EXERCISE PROMPT:
Each line of data below is to be returned exactly, leaving out any picture.

MATERIAL PROVIDED:
+++

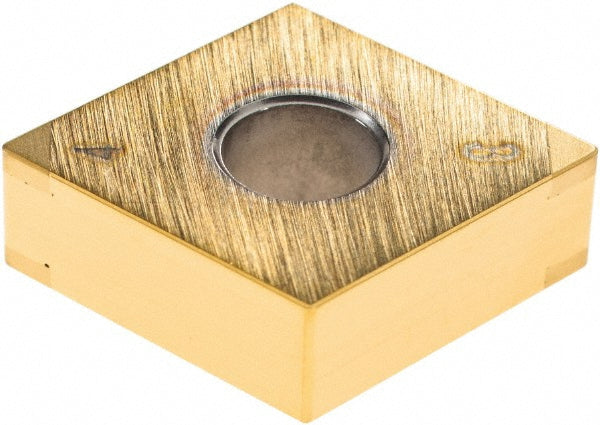 Tungaloy 6818115 Turning Insert 4QP-DNGA432 BXC50, PCBN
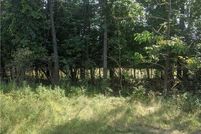 Waterfront Property for sale in Ontario County, New York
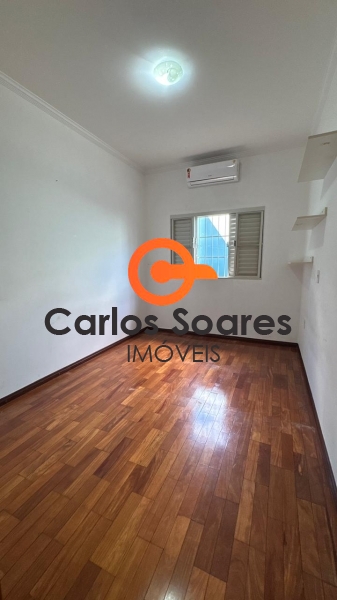 Foto imóvel 365692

+++

SOLUTION FOR THIS PROBLEM:
 Tungaloy 6818115 Turning Insert 4QP-DNGA432 BXC50, PCBN
 Waterfront Property for sale in Ontario County, New York
 Foto imóvel 365692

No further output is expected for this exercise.